Qualquer homem que possua um perfil no Facebook está sujeito às avaliações. Para a advogada Virgínia Matte Chaves, do Cabanellos Schuh Advogados Associados, o aplicativo já começou errado desde a concepção. “A ideia de privacidade é bastante flexível atualmente. No Lulu, os perfis são criados sem permissão, e todos os comentários e as avaliações são anônimos. Isso viola a Constituição Federal”, explica. Para o advogado Maurício Tavares de Almeida, do PPCS Advogados Associados, além de ferir o artigo 5º da Constituição, o Lulu também infringe o Código do Consumidor. “O aplicativo é um serviço consumido que obtém lucro, mesmo que não se pague por ele”, explica.
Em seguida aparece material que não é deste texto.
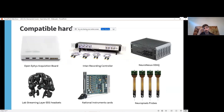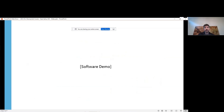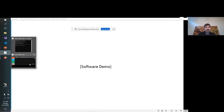The GUI can currently acquire signals from the OpenEphys acquisition board, Intan recording controllers, XSAC systems sold by Neuronexus, lab streaming layer compatible EEG headsets, and most National Instruments DAQ cards. But today I'm going to demo features of the software relevant for Neuropixels recordings. I've got a quick software demo to show.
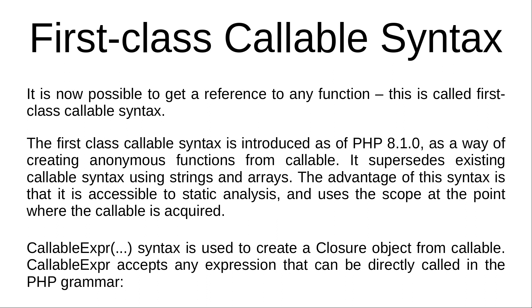It supersedes existing callable syntax using strings and arrays. The advantage of this syntax is that it is accessible to static analysis and uses the scope at the point where the callable is required. CallableExpr syntax is used to create a closure object from callable. CallableExpr accepts any expression that can be directly called in the PHP grammar.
O artigo 5º da Constituição Federal de 1988, que expõe garantias e direitos individuais e coletivos dos cidadãos, prevê, no inciso IV, a livre manifestação do pensamento, sendo vedado o anonimato. No inciso X, está explícito que a intimidade, a vida privada, a honra e a imagem das pessoas são invioláveis. O Lulu garante a proteção da identidade da pessoa que avalia e comenta nos perfis. Entretanto, exibe opiniões que podem vir a denegrir a imagem de quem estiver sendo avaliado e prejudicar relacionamentos profissionais e pessoais. O Lulu garante que quem preferir pode deletar o perfil na rede. Para Virgínia, isso apenas atenua a questão. “Mesmo que o perfil tenha ficado ativo por pouco tempo, a velocidade da internet é absurda. Poucos minutos podem ser muito nocivos”, esclarece a advogada.
De acordo com Almeida, o Facebook também é responsável pela situação. “O Facebook violou termos de privacidade ao permitir que o Lulu se apropriasse dos dados lá expostos”, aponta. “A falta de consentimento é a principal infração. Fotos e nomes não poderiam ser divulgados sem autorização.”
O Marco Civil da Internet, ainda sem previsão de voto, regulamentaria diversas dessas questões, funcionando como uma espécie de constituição para a internet. Situações irregulares de uso de imagem, redes sociais, ofensas em sites de domínio público, criação de perfis falsos e plágio serão regulamentadas pela lei, caso aprovada. Virgínia acredita que muitas dessas questões acerca do Direito Digital podem ser resolvidas com a devida orientação, uma vez que as pessoas precisam entender os riscos e as consequências do mau uso da internet.
A advogada atribui o sucesso do aplicativo no Brasil a questões culturais. “Nossa sociedade está cada vez mais fraca emocionalmente. É surpreendente que tantas pessoas percam tempo com isso”, comenta. Almeida e Virgínia creem que o Lulu deveria ser opcional e com assinaturas. “O anonimato deveria ser excluído. É impossível comprovar a veracidade das opiniões expostas no Lulu. A pessoa avaliada tem o direito de se defender das acusações”, reitera o advogado. Almeida explica que o homem que se sentir lesado ou humilhado pelo aplicativo pode entrar com ação judicial contra o Lulu e também contra o Facebook e exigir que o perfil seja retirado do ar e que uma indenização pelos danos morais causados seja negociada.
Como resposta ao aplicativo criado só para mulheres, está sendo desenvolvido o Tubby-
App, com a mesma proposta, só que inversa: é a vez de os homens avaliarem as mulheres. É provável que o estudante de Direito de São Paulo que processou o Lulu ao descobrir que o nome dele constava como opção para ser avaliado tenha sido apenas o primeiro dos muitos incomodados pelas possíveis difamações e calúnias geradas pelo aplicativo.